What to produce: Reproduce the data below word for word, setting aside any picture it holds.

Exercise material:
§ §
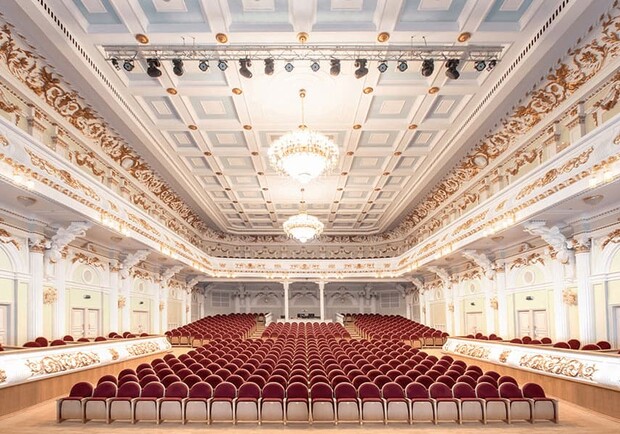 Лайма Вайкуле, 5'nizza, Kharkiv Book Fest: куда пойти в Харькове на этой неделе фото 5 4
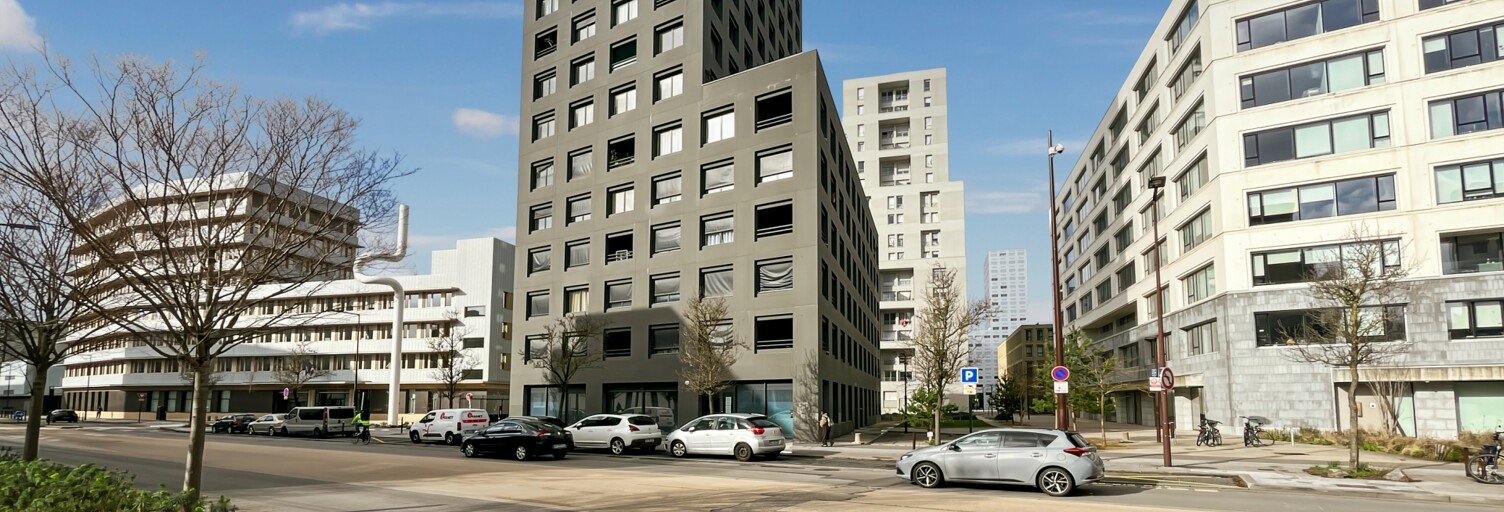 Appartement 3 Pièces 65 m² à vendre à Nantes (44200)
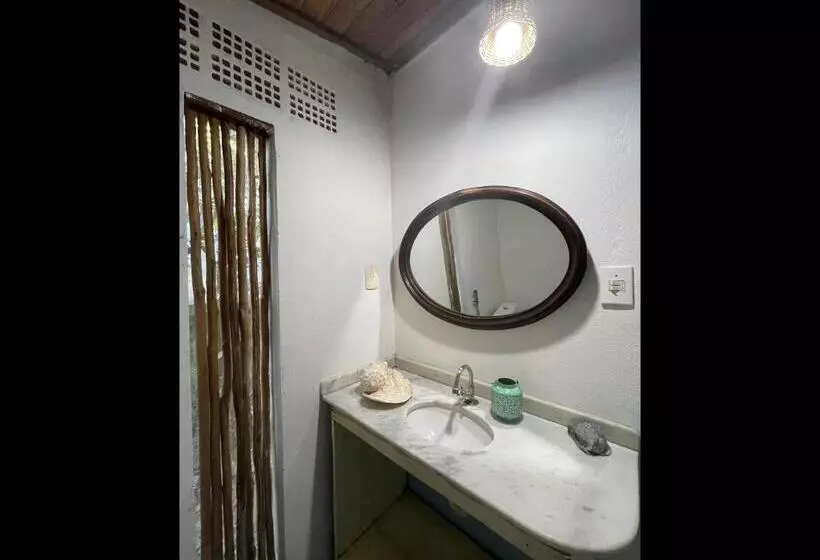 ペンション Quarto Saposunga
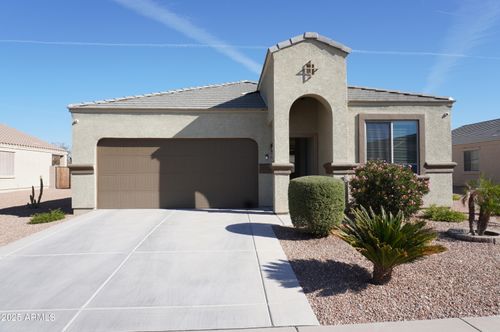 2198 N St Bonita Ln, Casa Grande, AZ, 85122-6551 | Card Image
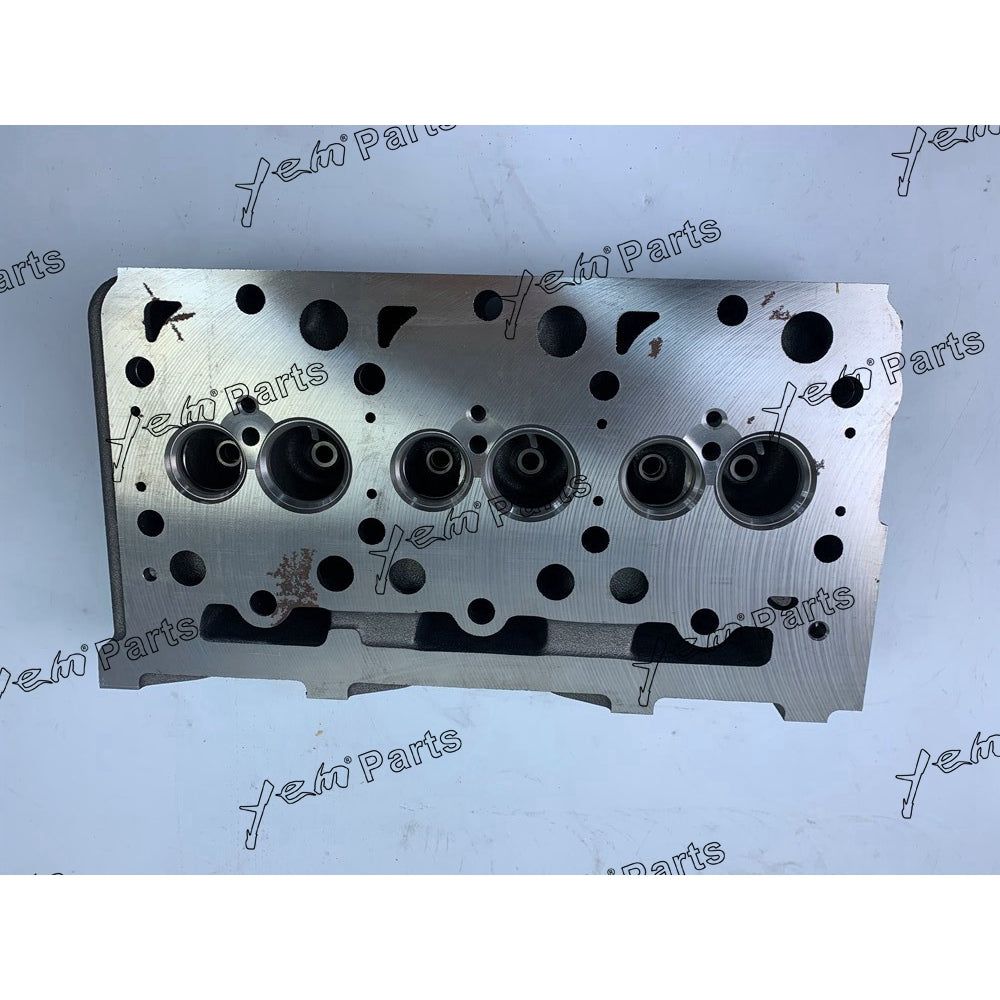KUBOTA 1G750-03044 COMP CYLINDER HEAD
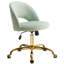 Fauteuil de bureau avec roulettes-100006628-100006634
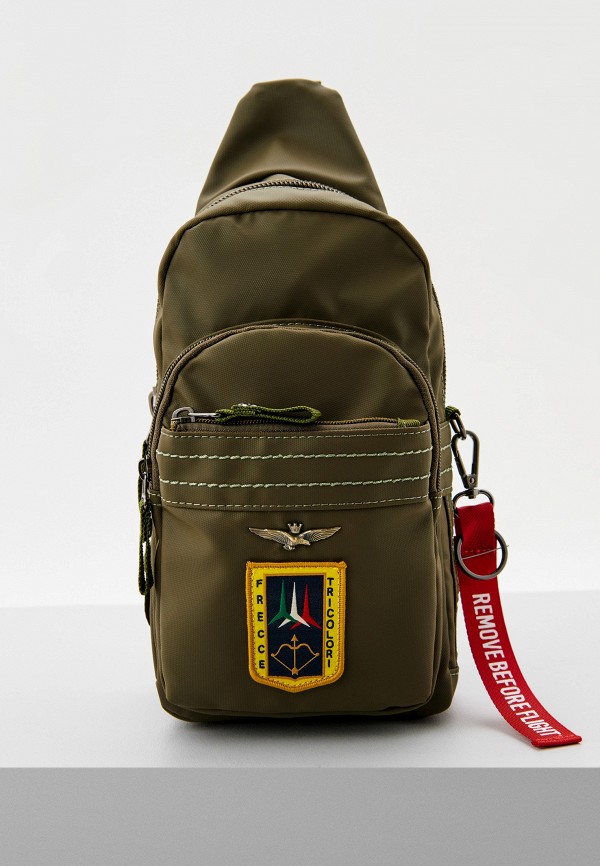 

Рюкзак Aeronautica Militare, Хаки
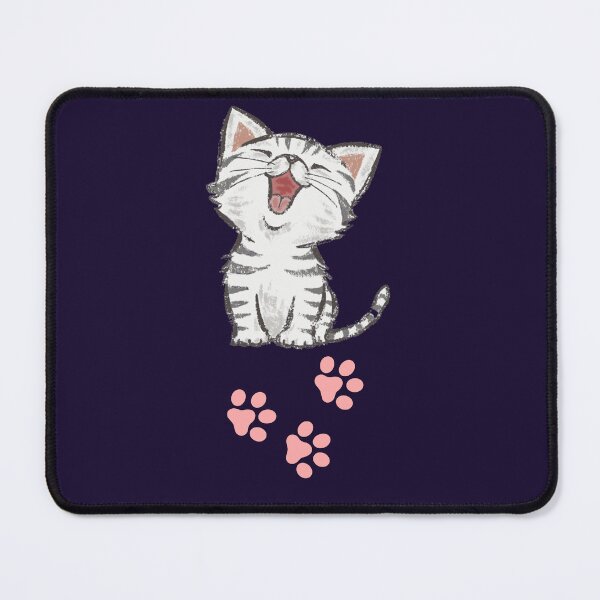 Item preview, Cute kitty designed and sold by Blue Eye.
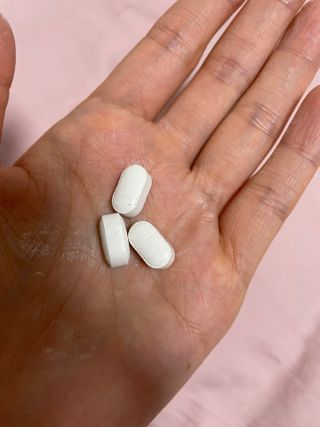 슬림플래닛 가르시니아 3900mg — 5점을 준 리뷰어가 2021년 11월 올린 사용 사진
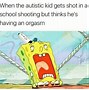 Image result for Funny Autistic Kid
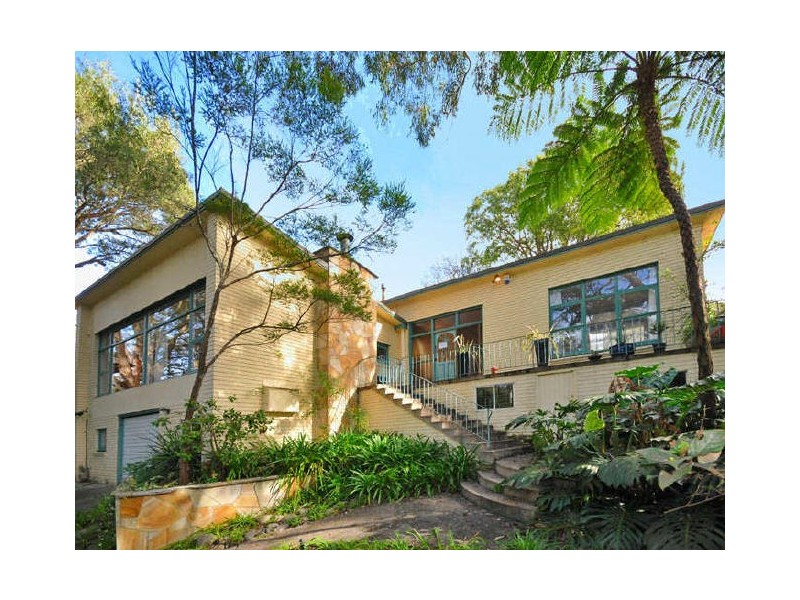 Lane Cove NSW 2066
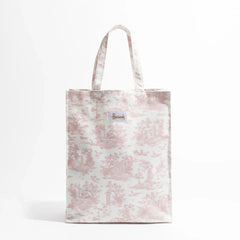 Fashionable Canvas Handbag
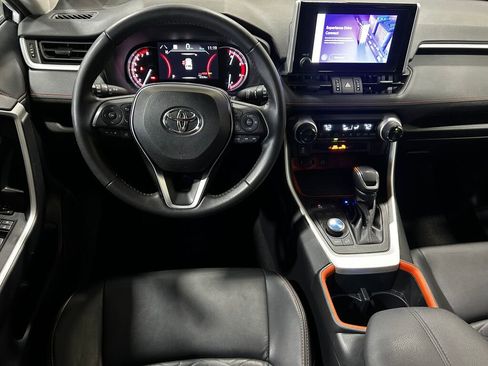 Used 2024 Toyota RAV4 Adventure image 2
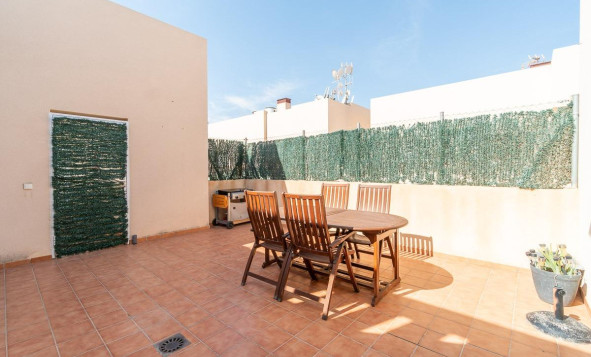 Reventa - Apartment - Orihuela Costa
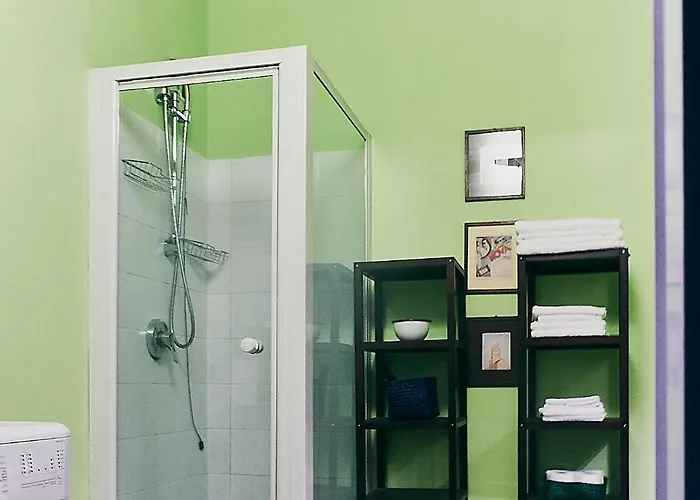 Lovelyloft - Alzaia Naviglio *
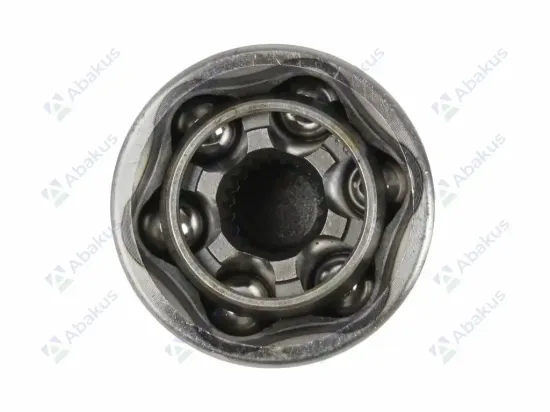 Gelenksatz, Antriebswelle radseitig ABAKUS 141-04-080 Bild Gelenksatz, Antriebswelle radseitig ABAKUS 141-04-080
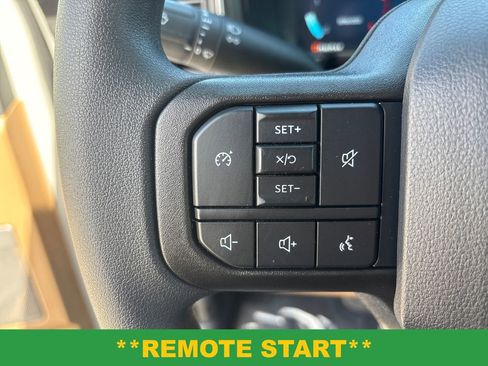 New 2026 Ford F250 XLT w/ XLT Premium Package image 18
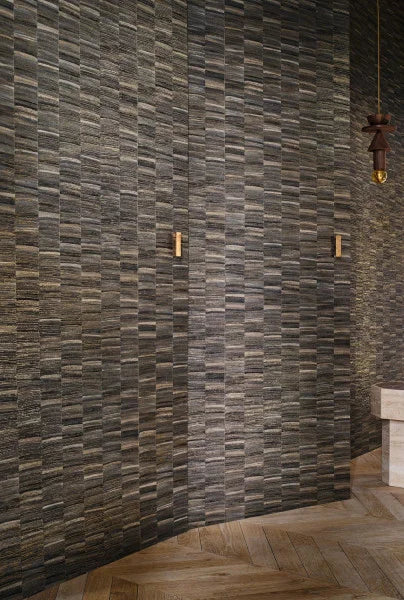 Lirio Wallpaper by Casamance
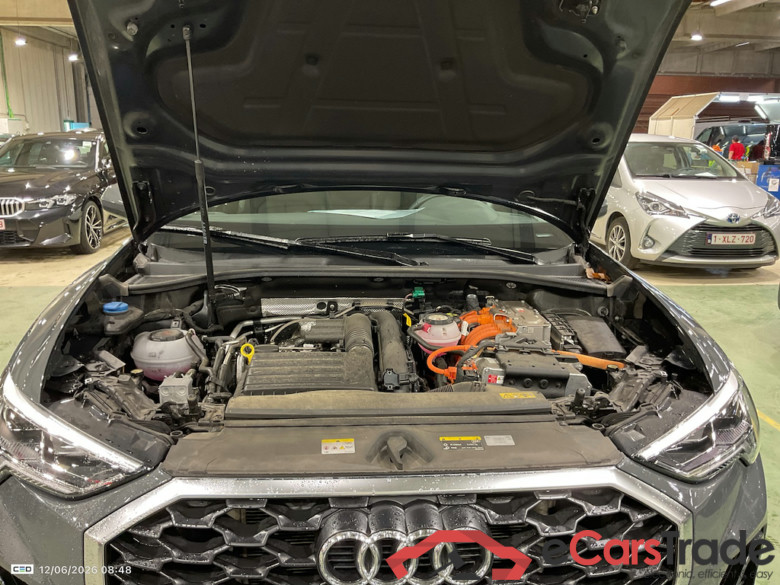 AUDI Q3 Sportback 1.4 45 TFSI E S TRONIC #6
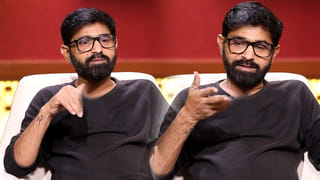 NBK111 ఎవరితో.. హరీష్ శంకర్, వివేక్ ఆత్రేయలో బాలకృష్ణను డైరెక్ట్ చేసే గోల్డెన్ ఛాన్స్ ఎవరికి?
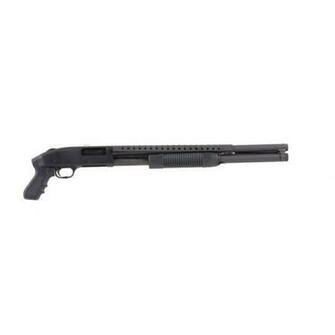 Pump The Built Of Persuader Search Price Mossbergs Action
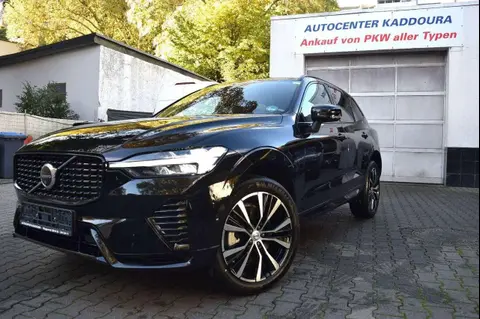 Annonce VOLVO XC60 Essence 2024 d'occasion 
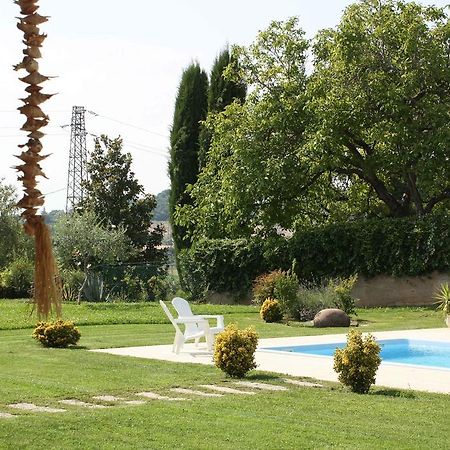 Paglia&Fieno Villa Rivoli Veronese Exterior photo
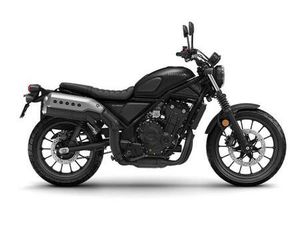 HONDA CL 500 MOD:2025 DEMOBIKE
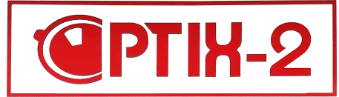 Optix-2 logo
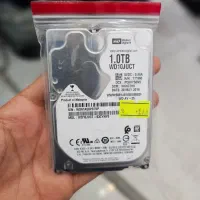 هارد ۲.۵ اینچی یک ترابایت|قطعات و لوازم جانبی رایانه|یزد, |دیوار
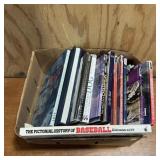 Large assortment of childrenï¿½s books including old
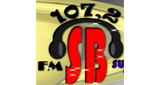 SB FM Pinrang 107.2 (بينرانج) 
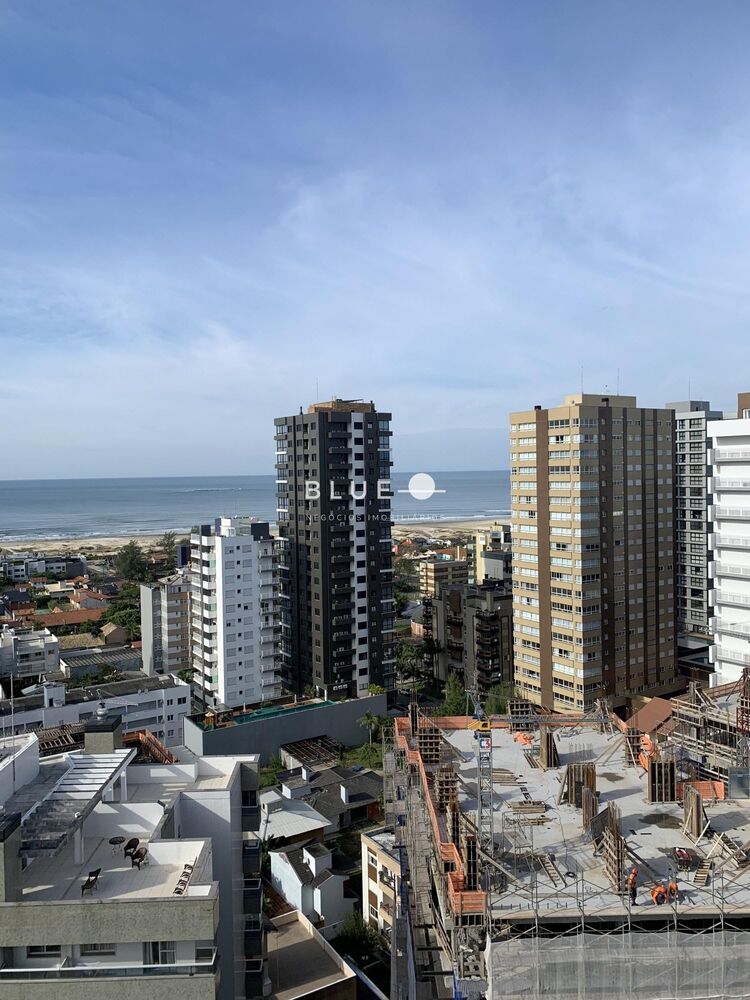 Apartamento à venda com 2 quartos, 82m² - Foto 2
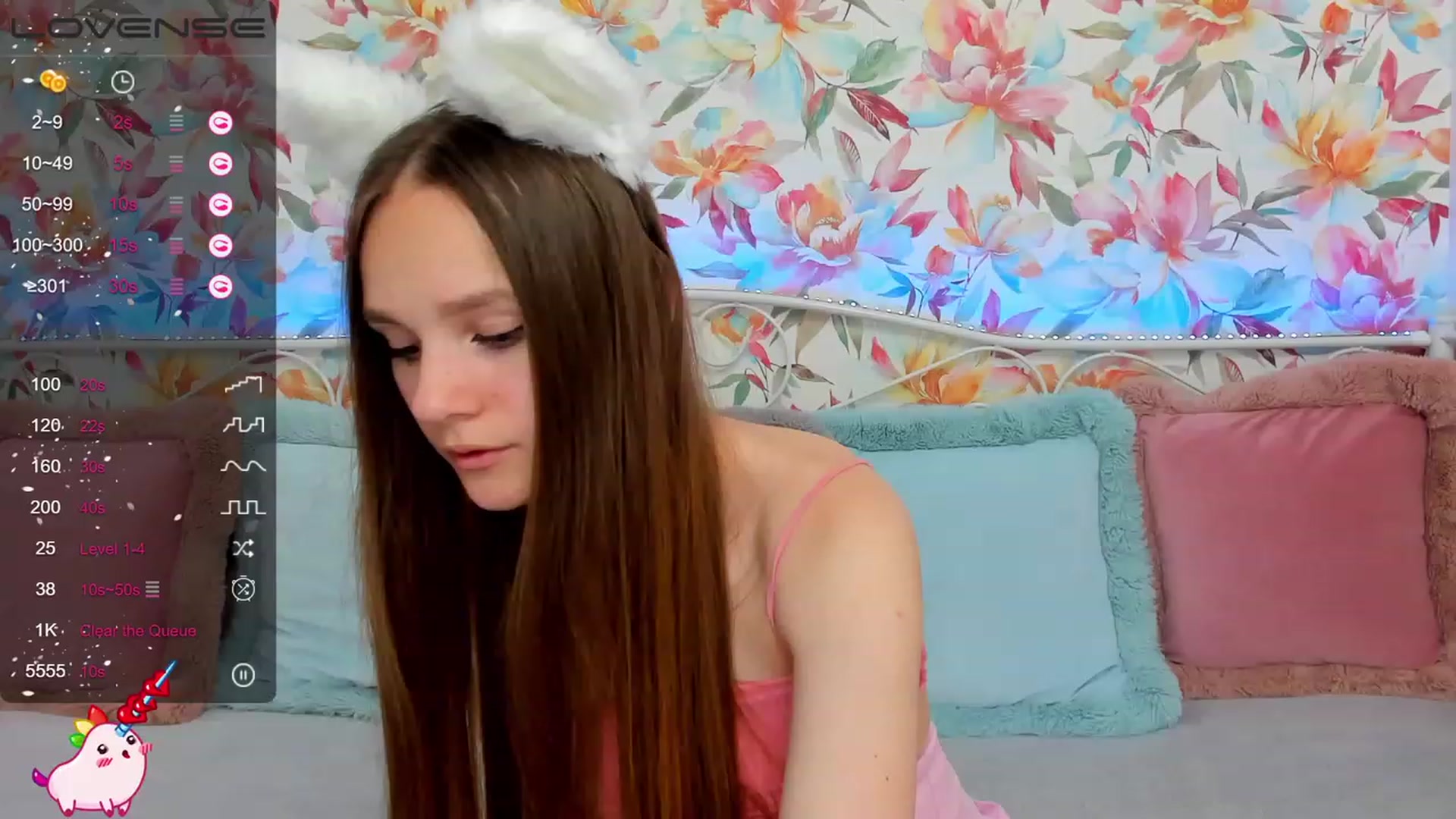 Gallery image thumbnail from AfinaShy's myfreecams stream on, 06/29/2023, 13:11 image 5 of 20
§ §
Exercise answer:
 Лайма Вайкуле, 5'nizza, Kharkiv Book Fest: куда пойти в Харькове на этой неделе фото 5 4
 Appartement 3 Pièces 65 m² à vendre à Nantes (44200)
 ペンション Quarto Saposunga
 2198 N St Bonita Ln, Casa Grande, AZ, 85122-6551 | Card Image
KUBOTA 1G750-03044 COMP CYLINDER HEAD
 Fauteuil de bureau avec roulettes-100006628-100006634

Рюкзак Aeronautica Militare, Хаки
 Item preview, Cute kitty designed and sold by Blue Eye.
 슬림플래닛 가르시니아 3900mg — 5점을 준 리뷰어가 2021년 11월 올린 사용 사진
 Image result for Funny Autistic Kid
 Lane Cove NSW 2066
 Fashionable Canvas Handbag
 Used 2024 Toyota RAV4 Adventure image 2
 Reventa - Apartment - Orihuela Costa
 Lovelyloft - Alzaia Naviglio *
 Gelenksatz, Antriebswelle radseitig ABAKUS 141-04-080 Bild Gelenksatz, Antriebswelle radseitig ABAKUS 141-04-080
 New 2026 Ford F250 XLT w/ XLT Premium Package image 18
 Lirio Wallpaper by Casamance
 AUDI Q3 Sportback 1.4 45 TFSI E S TRONIC #6
 NBK111 ఎవరితో.. హరీష్ శంకర్, వివేక్ ఆత్రేయలో బాలకృష్ణను డైరెక్ట్ చేసే గోల్డెన్ ఛాన్స్ ఎవరికి?
 Pump The Built Of Persuader Search Price Mossbergs Action
 Annonce VOLVO XC60 Essence 2024 d'occasion 
 Paglia&Fieno Villa Rivoli Veronese Exterior photo
 HONDA CL 500 MOD:2025 DEMOBIKE
 Optix-2 logo
 هارد ۲.۵ اینچی یک ترابایت|قطعات و لوازم جانبی رایانه|یزد, |دیوار
 Large assortment of childrenï¿½s books including old
 SB FM Pinrang 107.2 (بينرانج) 
 Apartamento à venda com 2 quartos, 82m² - Foto 2
 Gallery image thumbnail from AfinaShy's myfreecams stream on, 06/29/2023, 13:11 image 5 of 20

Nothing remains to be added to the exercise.